Massive provider initiated reconnection problems on all existing Freshtomato Versions since original Advancedtomato 140 (EA6700+up)

Issue #13 closed
TheHiman created an issue

I experience on a german PPPoE VDSL Session massive Problems which make the usage of Freshtomato on all existing versions nearly unusable.

The Problem is the the 24 hours provider initiated “forced” disconnection from the pppoe session exactly after 23.59.59 hours.
The same effect can be repoduced by manual disconnect the session and reconnect manually.

This is the blocker/major bug:

The existing firewall/conntrack will NOT be cleared and NOT correctly reloaded with the NEW data after reconnection to the ISP.

This results asap in:

a.) when ISP-reconnected mostly or huge delayed a new ipv6 session-IP from the ISP is gotten. Often NO new ipv6 address is assiged or offerd, even after many minutes.
b.) many existing internal LAN clients can´t reconnect to there existing service, especialy Fritzboxes with VOIP via NAT
c.) reconnections of internal VPNs (pptp/l2tp) to regulary or manual setted ports no longer works with the new session
d.) many devices still have the old ipv6 adresses in the cache and the router don´t send the new updated ips via RA or dhcp6 offer

The only fix is a HARD reset and this works for exactly one day - until the next forced remote disconnection is triggered by the ISP.

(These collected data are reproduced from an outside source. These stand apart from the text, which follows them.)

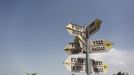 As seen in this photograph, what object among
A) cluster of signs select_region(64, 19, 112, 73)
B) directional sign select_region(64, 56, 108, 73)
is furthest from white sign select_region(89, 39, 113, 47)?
directional sign select_region(64, 56, 108, 73)

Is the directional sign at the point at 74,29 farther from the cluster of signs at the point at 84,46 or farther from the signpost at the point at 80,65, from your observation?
the signpost at the point at 80,65

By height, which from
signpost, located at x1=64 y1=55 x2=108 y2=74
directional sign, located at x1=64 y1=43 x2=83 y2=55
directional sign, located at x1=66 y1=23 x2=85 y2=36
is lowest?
signpost, located at x1=64 y1=55 x2=108 y2=74

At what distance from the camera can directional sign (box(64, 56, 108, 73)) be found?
287 inches

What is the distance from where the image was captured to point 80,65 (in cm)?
754

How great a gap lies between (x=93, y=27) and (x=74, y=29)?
60 cm

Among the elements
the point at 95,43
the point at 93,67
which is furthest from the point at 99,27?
the point at 93,67

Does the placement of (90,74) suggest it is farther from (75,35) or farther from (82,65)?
(75,35)

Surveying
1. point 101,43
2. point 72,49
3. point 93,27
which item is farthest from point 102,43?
point 72,49

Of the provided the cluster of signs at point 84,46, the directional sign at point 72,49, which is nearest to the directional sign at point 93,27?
the cluster of signs at point 84,46

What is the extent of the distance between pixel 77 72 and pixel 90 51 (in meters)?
0.81

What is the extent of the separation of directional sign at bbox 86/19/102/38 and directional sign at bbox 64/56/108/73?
82 centimetres

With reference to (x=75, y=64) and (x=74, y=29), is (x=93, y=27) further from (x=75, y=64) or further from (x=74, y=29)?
(x=75, y=64)

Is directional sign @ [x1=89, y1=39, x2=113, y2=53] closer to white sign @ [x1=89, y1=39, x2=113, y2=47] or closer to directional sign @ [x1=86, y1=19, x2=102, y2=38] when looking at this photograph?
white sign @ [x1=89, y1=39, x2=113, y2=47]

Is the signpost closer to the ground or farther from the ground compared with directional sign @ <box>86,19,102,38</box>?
closer to the ground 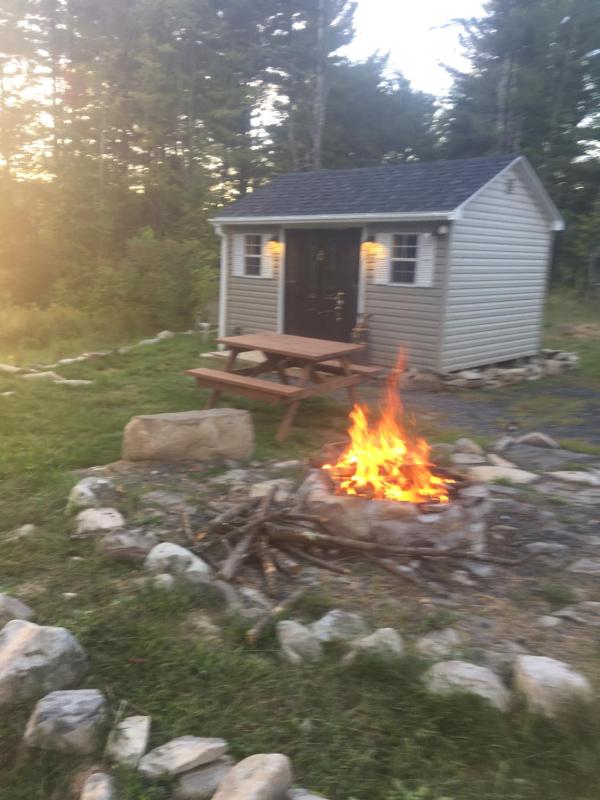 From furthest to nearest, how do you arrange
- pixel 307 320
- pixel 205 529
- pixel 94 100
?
pixel 94 100 → pixel 307 320 → pixel 205 529

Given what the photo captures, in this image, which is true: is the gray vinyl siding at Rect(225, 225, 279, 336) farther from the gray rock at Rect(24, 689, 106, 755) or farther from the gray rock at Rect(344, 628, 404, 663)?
the gray rock at Rect(24, 689, 106, 755)

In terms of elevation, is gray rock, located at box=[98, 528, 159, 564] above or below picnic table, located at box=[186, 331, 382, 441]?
below

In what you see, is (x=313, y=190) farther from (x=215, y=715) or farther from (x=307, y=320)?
(x=215, y=715)

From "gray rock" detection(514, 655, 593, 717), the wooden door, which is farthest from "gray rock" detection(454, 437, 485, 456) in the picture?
the wooden door

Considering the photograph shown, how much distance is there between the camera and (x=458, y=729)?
2.68m

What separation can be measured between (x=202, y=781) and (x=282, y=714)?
43cm

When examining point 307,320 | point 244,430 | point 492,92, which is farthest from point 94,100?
point 244,430

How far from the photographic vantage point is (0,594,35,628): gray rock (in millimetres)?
3345

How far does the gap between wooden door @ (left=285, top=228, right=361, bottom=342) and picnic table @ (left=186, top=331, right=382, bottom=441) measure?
3.58 m

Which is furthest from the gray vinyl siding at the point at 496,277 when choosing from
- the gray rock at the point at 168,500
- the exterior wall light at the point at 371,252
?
the gray rock at the point at 168,500

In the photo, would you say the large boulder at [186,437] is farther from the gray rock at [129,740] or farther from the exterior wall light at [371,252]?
the exterior wall light at [371,252]

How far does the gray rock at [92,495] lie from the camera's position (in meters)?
Answer: 4.80

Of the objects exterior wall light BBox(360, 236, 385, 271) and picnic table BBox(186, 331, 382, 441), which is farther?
exterior wall light BBox(360, 236, 385, 271)

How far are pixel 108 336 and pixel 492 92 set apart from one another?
1966 centimetres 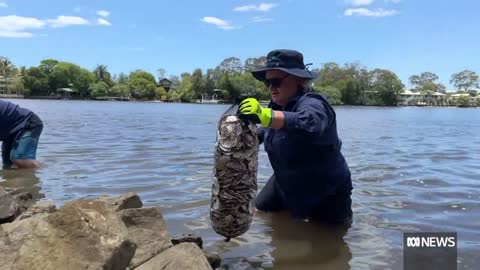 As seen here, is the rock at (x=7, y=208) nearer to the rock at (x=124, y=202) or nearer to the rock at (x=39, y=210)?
the rock at (x=39, y=210)

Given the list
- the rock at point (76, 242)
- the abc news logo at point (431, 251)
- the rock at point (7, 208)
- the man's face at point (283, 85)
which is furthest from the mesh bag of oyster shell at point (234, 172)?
the rock at point (7, 208)

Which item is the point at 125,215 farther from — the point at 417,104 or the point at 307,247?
the point at 417,104

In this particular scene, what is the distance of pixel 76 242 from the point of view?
3400mm

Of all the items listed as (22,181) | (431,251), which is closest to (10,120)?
(22,181)

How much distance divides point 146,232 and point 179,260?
90cm

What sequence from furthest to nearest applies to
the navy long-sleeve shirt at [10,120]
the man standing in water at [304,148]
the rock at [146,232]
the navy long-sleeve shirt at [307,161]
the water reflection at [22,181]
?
the navy long-sleeve shirt at [10,120], the water reflection at [22,181], the navy long-sleeve shirt at [307,161], the man standing in water at [304,148], the rock at [146,232]

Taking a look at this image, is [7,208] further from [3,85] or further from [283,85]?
[3,85]

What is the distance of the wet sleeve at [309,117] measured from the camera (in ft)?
14.7

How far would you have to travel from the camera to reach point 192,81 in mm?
156750

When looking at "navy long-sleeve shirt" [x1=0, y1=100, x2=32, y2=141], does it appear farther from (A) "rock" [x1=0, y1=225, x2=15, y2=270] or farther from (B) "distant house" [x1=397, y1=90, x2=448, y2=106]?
(B) "distant house" [x1=397, y1=90, x2=448, y2=106]

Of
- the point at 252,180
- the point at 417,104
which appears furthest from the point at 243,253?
the point at 417,104

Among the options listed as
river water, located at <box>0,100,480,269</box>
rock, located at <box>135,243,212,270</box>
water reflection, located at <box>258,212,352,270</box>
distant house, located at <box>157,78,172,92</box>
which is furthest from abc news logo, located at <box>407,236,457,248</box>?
distant house, located at <box>157,78,172,92</box>

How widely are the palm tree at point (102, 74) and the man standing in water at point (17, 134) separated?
161170mm

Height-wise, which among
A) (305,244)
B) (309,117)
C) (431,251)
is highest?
(309,117) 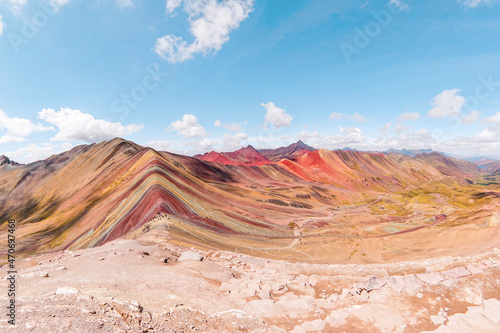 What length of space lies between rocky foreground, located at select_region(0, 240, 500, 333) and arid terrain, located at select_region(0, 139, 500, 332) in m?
0.06

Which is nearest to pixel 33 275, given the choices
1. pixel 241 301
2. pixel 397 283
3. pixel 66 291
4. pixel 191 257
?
pixel 66 291

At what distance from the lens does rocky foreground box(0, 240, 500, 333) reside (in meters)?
8.56

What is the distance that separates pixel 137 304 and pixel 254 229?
43.2 meters

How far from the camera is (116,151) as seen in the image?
310 feet

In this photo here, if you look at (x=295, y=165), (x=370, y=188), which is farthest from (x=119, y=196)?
(x=370, y=188)

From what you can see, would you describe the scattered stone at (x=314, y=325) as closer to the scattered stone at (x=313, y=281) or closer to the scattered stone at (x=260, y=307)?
the scattered stone at (x=260, y=307)

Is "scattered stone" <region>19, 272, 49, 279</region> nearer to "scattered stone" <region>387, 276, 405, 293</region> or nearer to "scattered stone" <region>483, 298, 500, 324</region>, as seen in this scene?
"scattered stone" <region>387, 276, 405, 293</region>

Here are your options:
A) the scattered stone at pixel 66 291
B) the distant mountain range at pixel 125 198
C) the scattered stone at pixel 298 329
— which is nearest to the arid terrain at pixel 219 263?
the scattered stone at pixel 66 291

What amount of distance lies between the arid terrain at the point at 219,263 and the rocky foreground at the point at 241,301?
2.4 inches

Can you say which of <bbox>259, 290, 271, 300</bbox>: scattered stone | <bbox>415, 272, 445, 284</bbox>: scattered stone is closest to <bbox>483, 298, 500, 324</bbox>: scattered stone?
<bbox>415, 272, 445, 284</bbox>: scattered stone

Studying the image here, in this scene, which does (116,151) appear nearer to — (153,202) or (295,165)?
(153,202)

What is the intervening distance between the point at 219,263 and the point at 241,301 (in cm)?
706

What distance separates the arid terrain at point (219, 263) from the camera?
9.93 m

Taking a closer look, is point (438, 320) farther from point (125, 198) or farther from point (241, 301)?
point (125, 198)
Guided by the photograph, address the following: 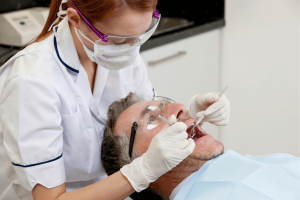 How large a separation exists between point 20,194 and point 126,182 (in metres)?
0.51

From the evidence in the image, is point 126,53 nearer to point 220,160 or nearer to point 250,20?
point 220,160

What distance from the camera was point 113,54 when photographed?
44.9 inches

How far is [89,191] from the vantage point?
107 cm

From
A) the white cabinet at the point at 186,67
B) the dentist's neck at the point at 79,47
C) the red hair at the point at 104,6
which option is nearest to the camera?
the red hair at the point at 104,6

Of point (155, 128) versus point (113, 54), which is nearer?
point (113, 54)

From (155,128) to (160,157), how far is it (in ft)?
0.78

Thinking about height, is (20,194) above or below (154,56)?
below

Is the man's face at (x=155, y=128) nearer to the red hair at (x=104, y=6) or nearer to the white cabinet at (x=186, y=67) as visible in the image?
the red hair at (x=104, y=6)

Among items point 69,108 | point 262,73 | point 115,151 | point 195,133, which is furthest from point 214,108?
point 262,73

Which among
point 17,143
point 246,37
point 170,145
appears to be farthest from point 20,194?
point 246,37

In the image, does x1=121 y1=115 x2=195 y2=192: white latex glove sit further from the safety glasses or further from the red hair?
the red hair

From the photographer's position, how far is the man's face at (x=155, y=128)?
1252 mm

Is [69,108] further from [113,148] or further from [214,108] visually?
[214,108]

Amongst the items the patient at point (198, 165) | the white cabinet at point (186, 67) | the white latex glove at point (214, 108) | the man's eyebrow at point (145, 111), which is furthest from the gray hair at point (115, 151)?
the white cabinet at point (186, 67) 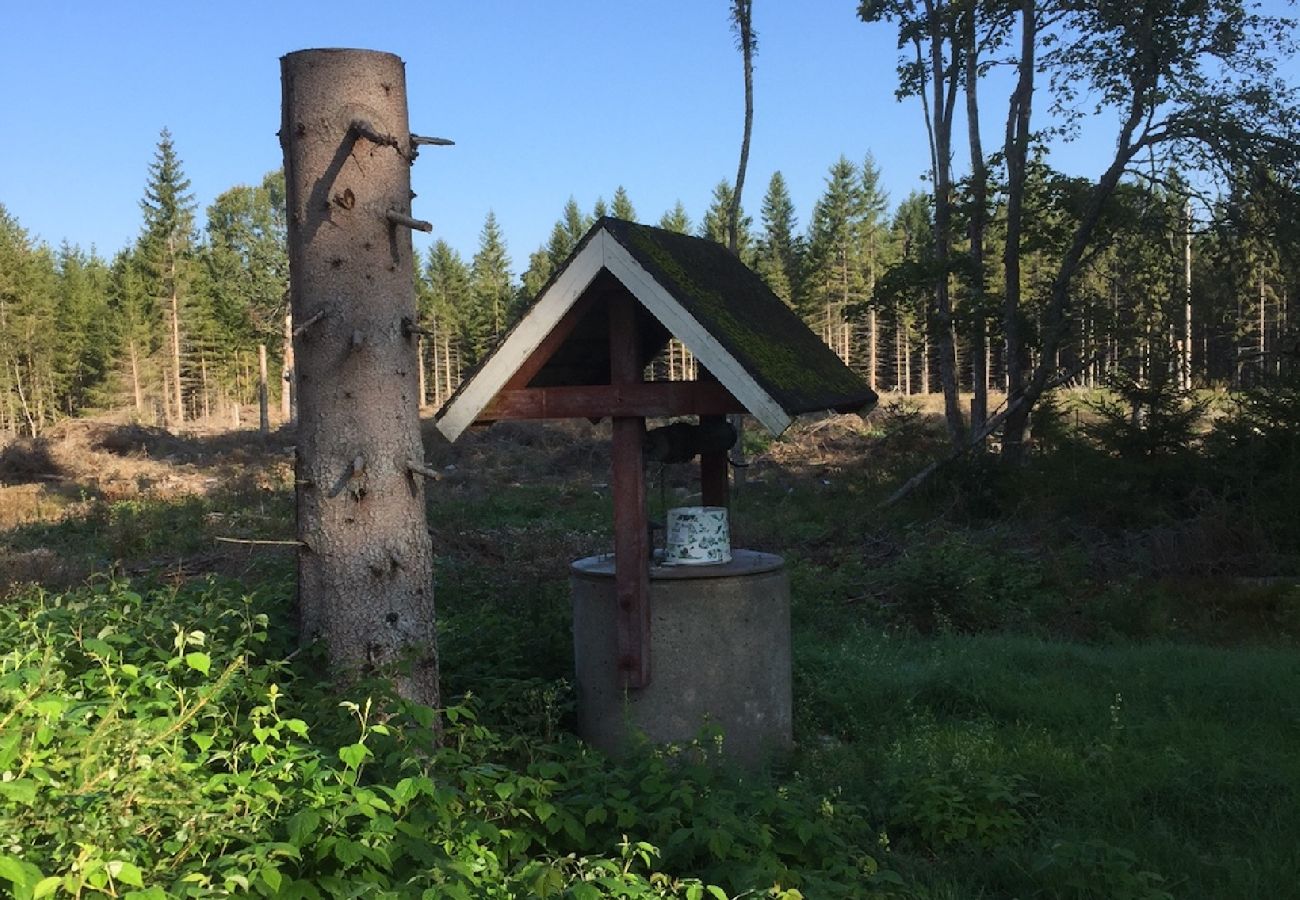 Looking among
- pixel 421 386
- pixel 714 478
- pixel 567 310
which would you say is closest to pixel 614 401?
pixel 567 310

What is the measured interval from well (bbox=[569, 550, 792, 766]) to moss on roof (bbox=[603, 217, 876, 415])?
114 centimetres

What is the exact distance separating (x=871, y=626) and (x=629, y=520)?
17.7 ft

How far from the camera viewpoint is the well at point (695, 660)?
20.1ft

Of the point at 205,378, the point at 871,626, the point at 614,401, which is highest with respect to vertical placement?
the point at 205,378

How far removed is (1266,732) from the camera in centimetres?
649

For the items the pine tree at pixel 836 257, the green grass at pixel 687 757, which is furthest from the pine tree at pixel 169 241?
the green grass at pixel 687 757

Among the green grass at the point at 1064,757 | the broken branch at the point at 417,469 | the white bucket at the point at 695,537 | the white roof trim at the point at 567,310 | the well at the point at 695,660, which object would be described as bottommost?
the green grass at the point at 1064,757

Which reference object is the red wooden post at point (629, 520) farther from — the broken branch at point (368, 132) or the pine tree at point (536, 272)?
the pine tree at point (536, 272)

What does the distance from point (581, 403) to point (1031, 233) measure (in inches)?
614

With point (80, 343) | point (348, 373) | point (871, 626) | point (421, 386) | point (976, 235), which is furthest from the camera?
point (80, 343)

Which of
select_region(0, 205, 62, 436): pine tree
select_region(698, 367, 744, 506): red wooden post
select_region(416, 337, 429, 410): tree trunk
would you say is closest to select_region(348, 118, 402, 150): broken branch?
select_region(416, 337, 429, 410): tree trunk

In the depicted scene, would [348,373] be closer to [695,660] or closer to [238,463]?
[695,660]

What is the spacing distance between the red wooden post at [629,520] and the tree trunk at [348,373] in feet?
3.95

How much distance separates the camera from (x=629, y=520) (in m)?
6.04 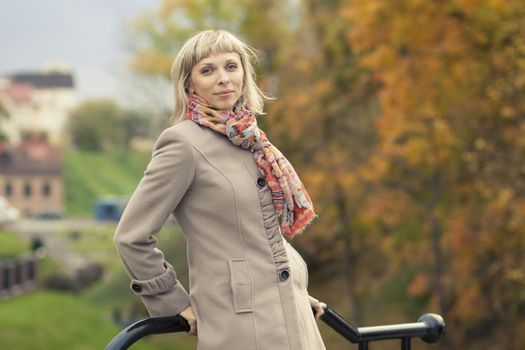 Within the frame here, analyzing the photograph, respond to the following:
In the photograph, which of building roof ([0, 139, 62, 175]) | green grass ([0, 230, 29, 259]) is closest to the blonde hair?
green grass ([0, 230, 29, 259])

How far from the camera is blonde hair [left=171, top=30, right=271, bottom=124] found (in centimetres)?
237

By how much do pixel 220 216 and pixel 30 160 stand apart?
232ft

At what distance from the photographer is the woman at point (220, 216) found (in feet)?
7.50

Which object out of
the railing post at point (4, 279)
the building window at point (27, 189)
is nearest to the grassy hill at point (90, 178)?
the building window at point (27, 189)

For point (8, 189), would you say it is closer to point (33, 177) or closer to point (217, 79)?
point (33, 177)

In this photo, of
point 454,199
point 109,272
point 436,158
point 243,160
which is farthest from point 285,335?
point 109,272

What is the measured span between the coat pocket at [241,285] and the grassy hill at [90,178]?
70.5 meters

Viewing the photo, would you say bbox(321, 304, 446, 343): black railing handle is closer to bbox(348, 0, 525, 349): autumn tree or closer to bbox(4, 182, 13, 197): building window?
bbox(348, 0, 525, 349): autumn tree

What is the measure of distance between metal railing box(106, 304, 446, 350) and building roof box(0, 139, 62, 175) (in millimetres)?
68666

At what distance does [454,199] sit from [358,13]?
317cm

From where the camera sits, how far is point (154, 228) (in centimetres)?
227

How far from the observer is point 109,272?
4903 cm

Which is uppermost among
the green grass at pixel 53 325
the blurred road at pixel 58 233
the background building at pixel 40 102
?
the background building at pixel 40 102

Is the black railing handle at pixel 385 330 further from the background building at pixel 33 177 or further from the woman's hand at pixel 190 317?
the background building at pixel 33 177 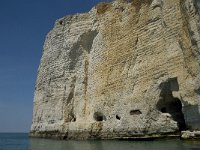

The only latest version which has NOT this problem is the advanced-Tomato from 2017 3.5-140, which i used before on a E3000
Router without any problems for a long time.

I tested the last advanced-tomato work from here: https://bitbucket.org/AndreDVJ/advancedtomato-arm/commits/
and the above problem is here the same, so the issue must be come in right after the fork from 2017 ?

At the moment i´am forced to still use this old version (again) on an linksys EA6700 to have seamless working, like before with my E3000 the last years.

urgent todo:

.) check the differences between a cold start AND a manually “disconnect” and “reconnect” of a pppoe session and check
the firewall / conntrack for ipv4 and ipv6 after them

.) check why pppoe on a dual stack ISP mostly don´t get a new ipv6 ip this way, or why is there a huge delay from 30 seconds to 3 minutes - which will then not be propagated or included in the firewall so much later correctly.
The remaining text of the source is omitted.